What this task involves:
Please reproduce the listing in its entirety, exactly as written, but without images.

Source material:

◆ ◆ ◆ ◆ ◆

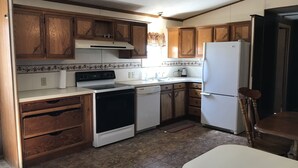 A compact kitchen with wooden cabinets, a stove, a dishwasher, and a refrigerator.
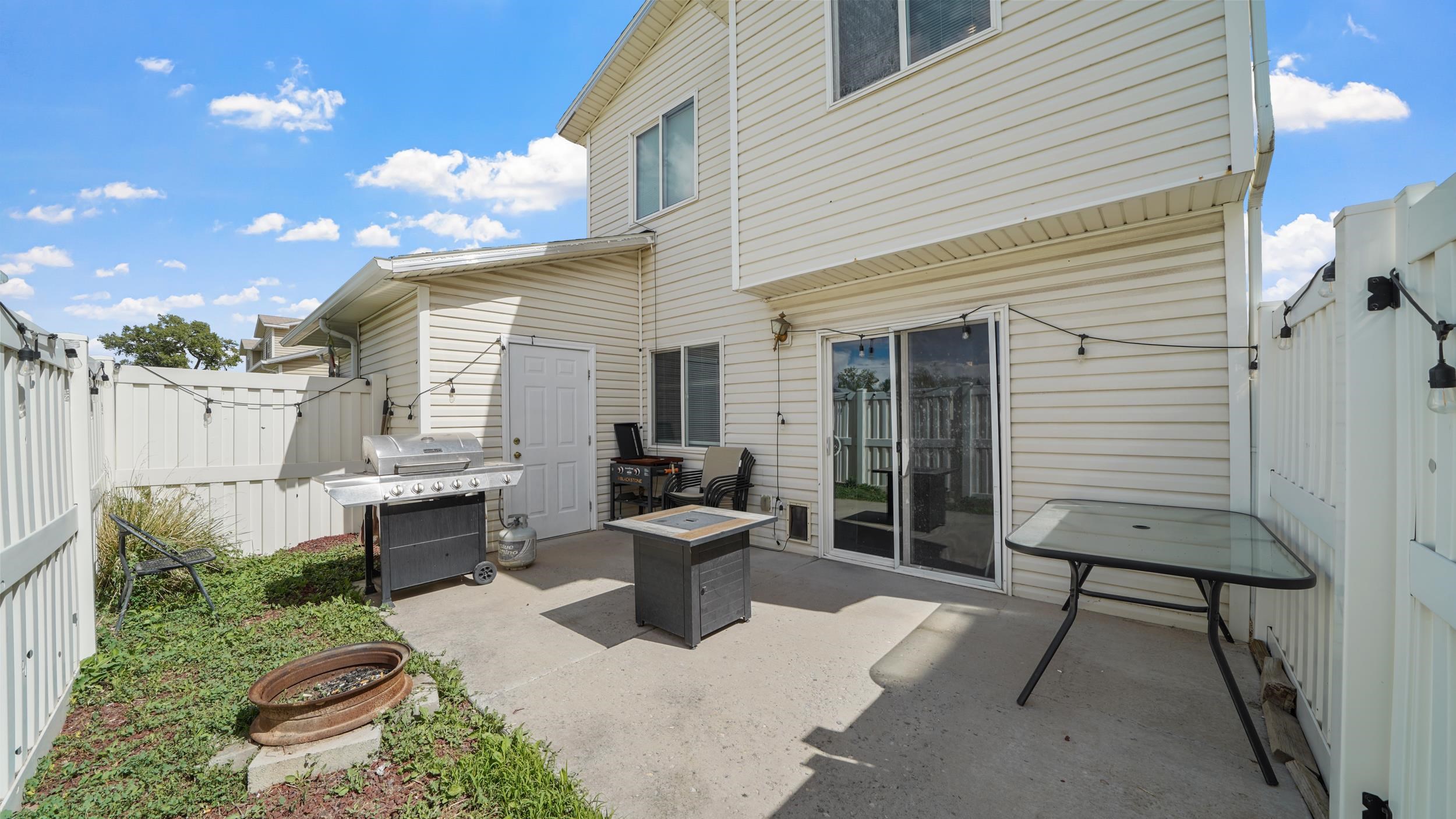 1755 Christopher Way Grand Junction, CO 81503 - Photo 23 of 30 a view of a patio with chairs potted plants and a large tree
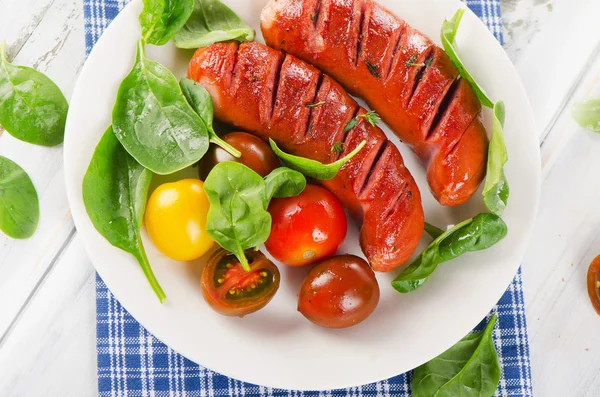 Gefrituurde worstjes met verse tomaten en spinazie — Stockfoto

◆ ◆ ◆ ◆ ◆

Result of this task:
 A compact kitchen with wooden cabinets, a stove, a dishwasher, and a refrigerator.
 1755 Christopher Way Grand Junction, CO 81503 - Photo 23 of 30 a view of a patio with chairs potted plants and a large tree
 Gefrituurde worstjes met verse tomaten en spinazie — Stockfoto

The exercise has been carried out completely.